INFORMATION SUPPLIED:
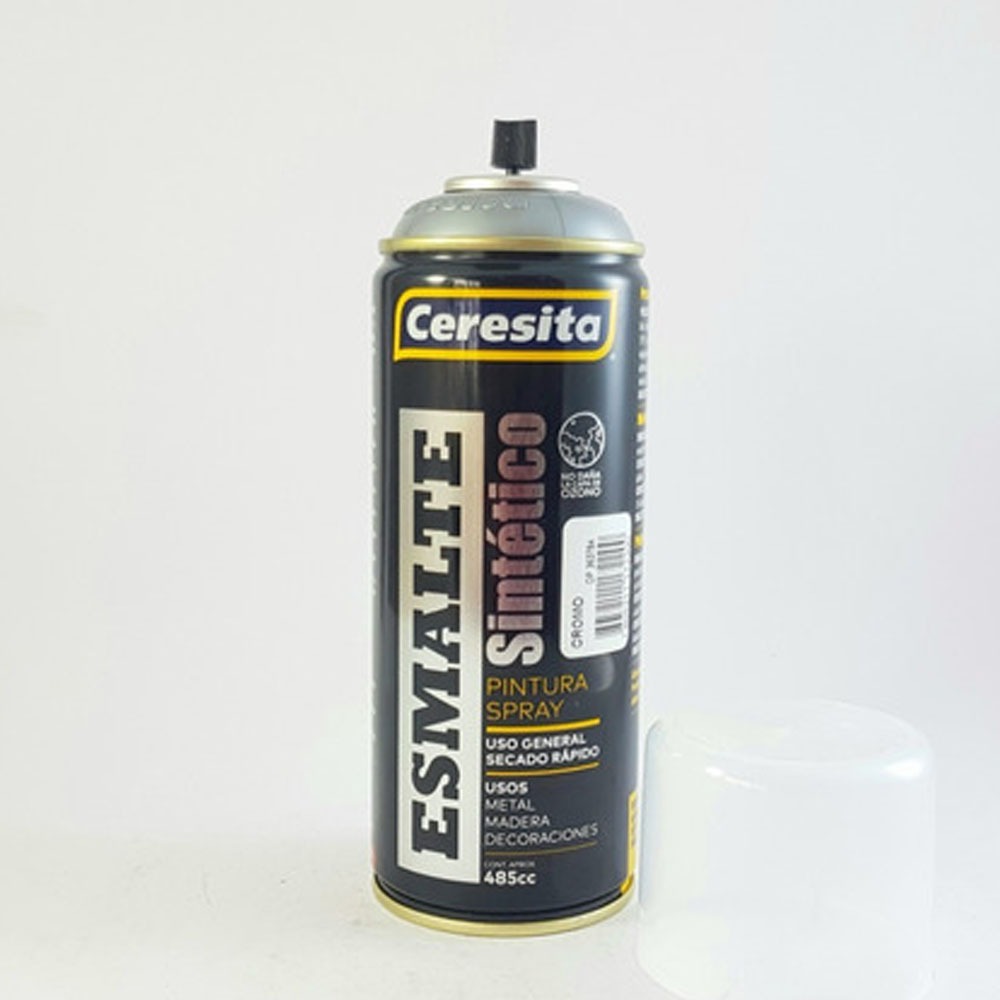 Spray Esmalte Ceresita Cromo 485 Cc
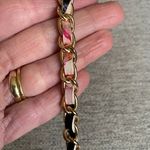 Bebe women's kimberly floral black small crossbody bag clutch gold hardware Photo 8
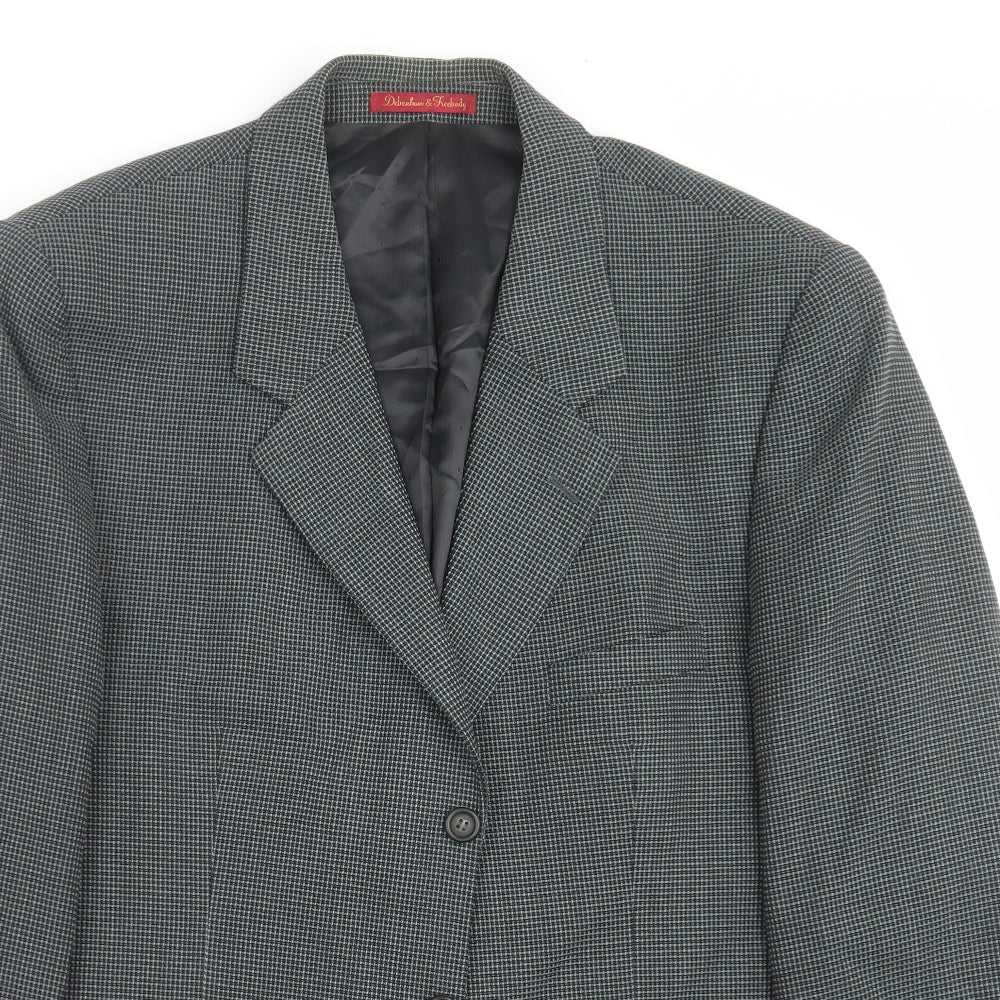 Mens UK Size 44 Debenham & Freebody Regular Grey Suit Jacket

ASSIGNMENT:
Restate the full listing word for word, excluding images.

EXERCISE RESULT:
 Spray Esmalte Ceresita Cromo 485 Cc
 Bebe women's kimberly floral black small crossbody bag clutch gold hardware Photo 8
 Mens UK Size 44 Debenham & Freebody Regular Grey Suit Jacket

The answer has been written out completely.